Introduction

The materially coupled composite, uniform and piece-wise uniform stepped wing beams were previously analysed. The tapered wing configurations were then presented and discussed in (http://www.aeroway.ca/Taperedwing.htm) . In this research, the wing model is extended to more complex configurations exhibiting not only the material but also geometrical couplings. Using a wing-box model for the wing cross-section and a circumferentially asymmetric stiffness (CAS) configuration for the composite ply lay-up, a more realistic composite wing model is generated. In the previous chapters (http://www.aeroway.ca/Taperedwing.htm), only material coupling was considered which arises from an unbalanced ply lay-up or symmetric stacking sequence. An additional geometric coupling arises from the cross-sectional geometry of the wing.

The present wing model, is modeled as a symmetric configuration where the materially coupled behaviour is characterized by bending-torsion coupled stiffness K. The added geometric coupling is a consequence of an offset of the mass centre axis, Gs, from the geometrical elastic axis, Es, denoted by x?. Any structural component located in front of the leading spar or behind the rear spar is considered not to contribute to the rigidity of the wing (Lillico, Butler, Guo and Banerjee, 1997). The omitted components do however contribute to the mass and inertia of the wing such that the mass centre, initially located at the geometric centre of the box, shifts slightly towards the rear of the wing-box (refer to Figure 6?2(b))(refer again to http://www.aeroway.ca/Taperedwing.htm).

Model, Hypotheses and Simplifying Assumptions

The proposed wing model is constructed as a wing-box, where L is the span-wise length and c is the wing chord. The lateral bending and twist displacements are governed by Euler-Bernoulli and St. Venant beam theories, respectively. Shear deformation, rotary inertia, commonly associated with Timoshenko beam theory, as well as warping effects are neglected.

Different stacking sequence and/or thickness of the thin-walled box-beam result in different coupling behaviours.

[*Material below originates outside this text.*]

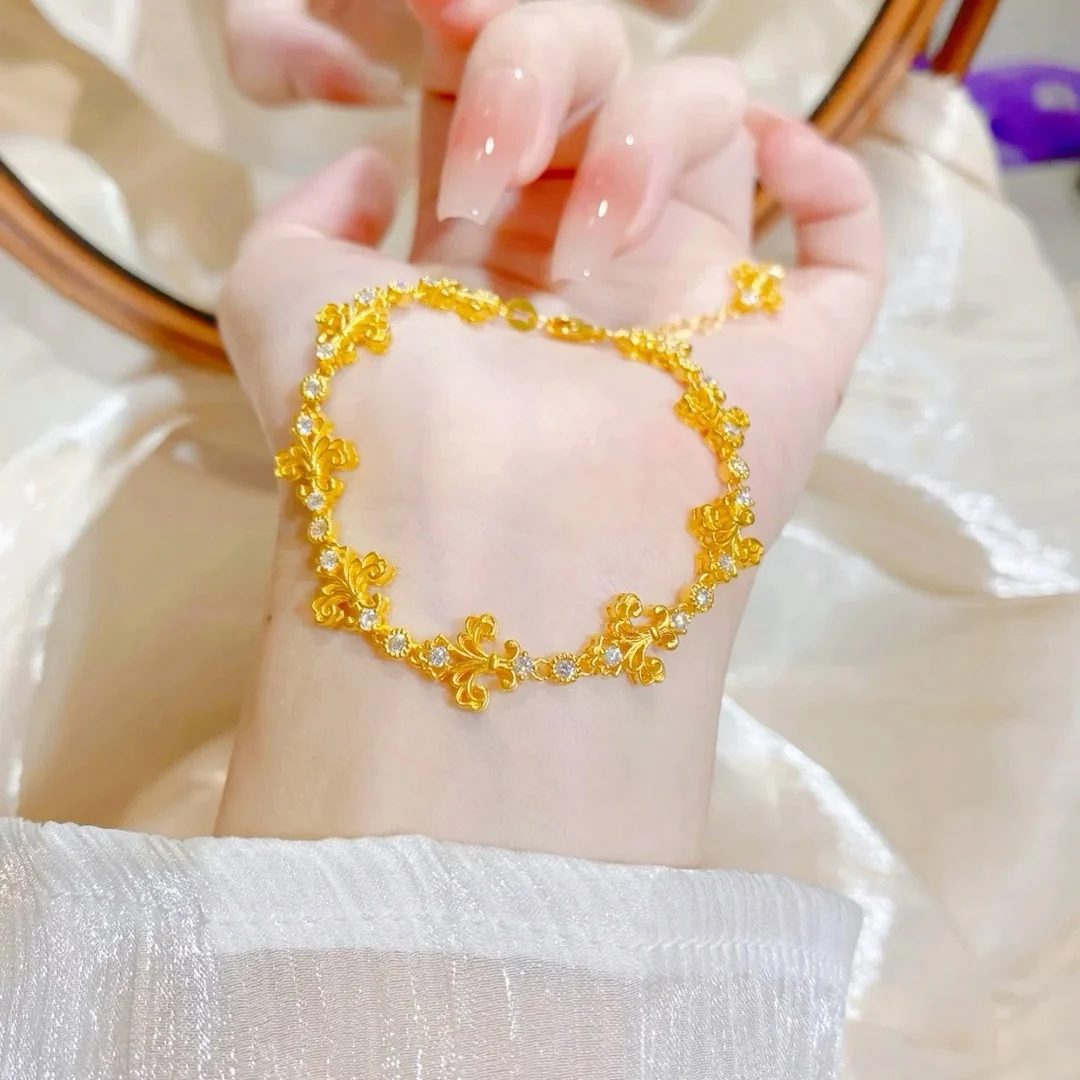 

Women's Iris Diamond Bracelet, 24K Gold, AU999 | "Stability" engraving with leaf vein motifs, subtle professional elegance.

For a circumferentially asymmetric stiffness (CAS) configuration the axial stiffness, A, must remain constant in all walls of the cross-section. The coupling stiffness, B, in opposite members is of the opposite sign as stated by Armanios and Badir (1995) and Berdichevsky et al (1992). As a result of axial stiffness, A, remaining constant, the corresponding thickness must also remain constant. Chandra et al. (1990) consider a symmetric configuration for a box-beam which consists of opposite walls having the same stacking sequence, although the stacking sequences between the horizontal and vertical members need not be the same. The CAS and symmetric configurations both lead to a bending-torsion coupled response for thin-walled beams.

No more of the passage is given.